The moment they started absorbing laser beams in the exact same way the Dalekanium shell is supposed to I thought "god damn it," to be honest. I think the episode took some really positive steps in other ways - I think the hammer horror sort of thing about them removing heads and arms and legs, and one part of a Cyberman being as potentially deadly as the full thing (also explored in The Pandorica Opens when Amy discovers that lone Cyberman head) is actually a really good fit for what the Cybermen are thematically... but the whole thing of making them mega powerful just falls flat for me.
The funny thing is Nightmare in Silver has some dialogue which suggests the opposite - when they're talking about how they're impossible to fight a war against, because every soldier they down, they cannibalize and use to repair themselves - that's great for the Cybermen. That fits. The 'upgrade in progress...' thing, making them invincible to anything in short order, isn't so hot. I wonder, if Doomsday happened again, would four or five Cybermen fall and then would the others all become immune to Dalek guns as Daleks are to Cybermen guns, leading to a stalemate? Ahaha.

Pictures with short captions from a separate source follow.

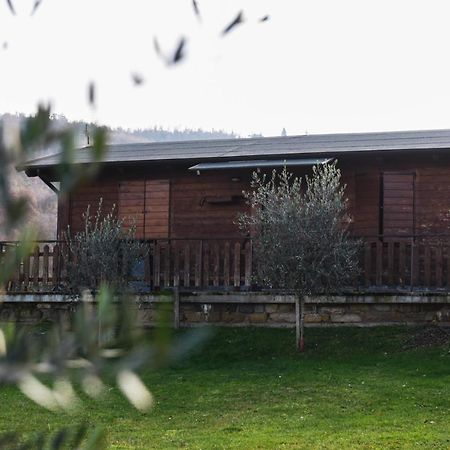 Agriturismo Ponte Di Riocchio グッビオ エクステリア 写真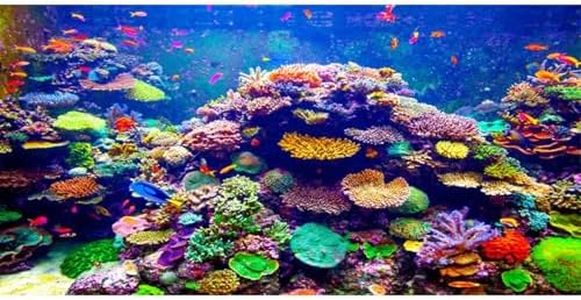 AWERT Undersea Theme Aquarium Background 48x20 inches Vinyl Colorful Coral Tropical Fish Underwater World Fish Tank Background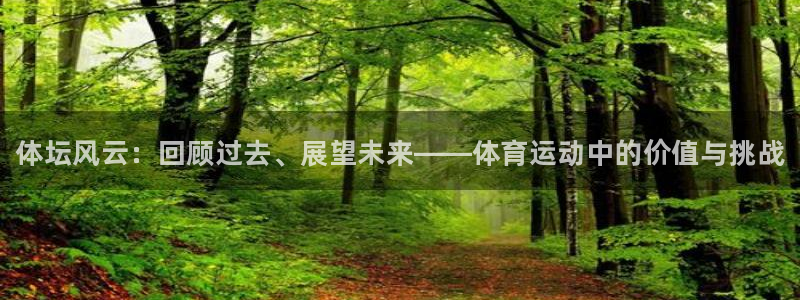 JJB竞技宝官网下载平台注册要钱吗：体坛风云：回顾过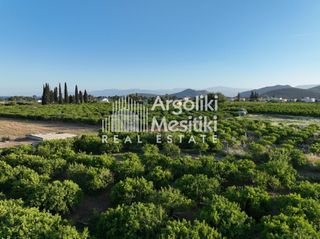 Αγροτεμάχια 5.000 τ.μ. για πώληση, Αργολίδα, Ασίνη-thumb-19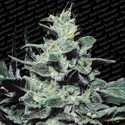 Nebula (Paradise Seeds) feminizowane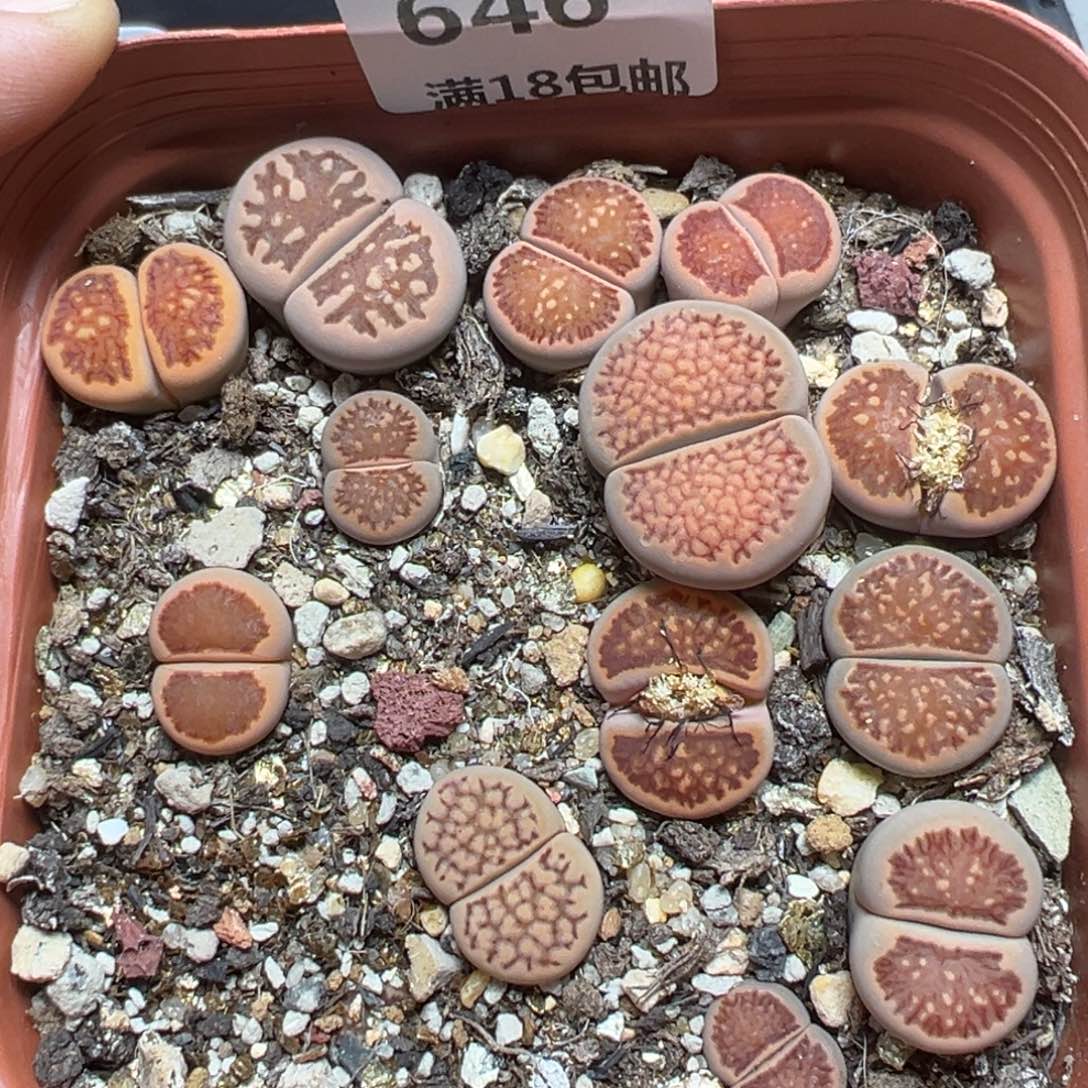 【闪购商品】646。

In Britain, fifty-something years of British culture just dictates that the Daleks, in particular, are scary. It's just... assimilated. I was born the year that Doctor Who was taken off the air, but I distinctly remember knowing what a Dalek was, despite never seeing the show, growing up. My earliest memory of Daleks in a televisual sense was actually a KitKat ad campaign, where they had the tagline "Have a break, have a KitKat," and the punch line was that the Daleks have a break, and so are rolling around shouting "PEACE AND LOVE" and waving peace flags. Somehow, despite never seeing a Dalek in a dramatic context, I knew what they were, I knew that they screamed Exterminate, and I got the joke.
Anyway... I think they're actually in reality scary for different reasons. The Daleks are meant to be the ultimate expression of that which is different to us. They're the nazis, no doubt, created by a man with memories of the war fresh in mind. They're evil incarnate, and impossibly, terrifyingly powerful.
The Cybermen are really meant to be us. They're meant to be what we can become if we become so desperate, or so greedy, that we throw humanity away. In the classic series, at least, they were also always a bit desperate, struggling, always at the end of their rope. Weirdly, that trait passed to the Daleks for a few years in New Who, as it was constantly the last Dalek(s) in existence struggling to re-establish themselves and scores and scores of Cybermen. Lately, the two have just shifted to occupy this very similar space, and it's a shame.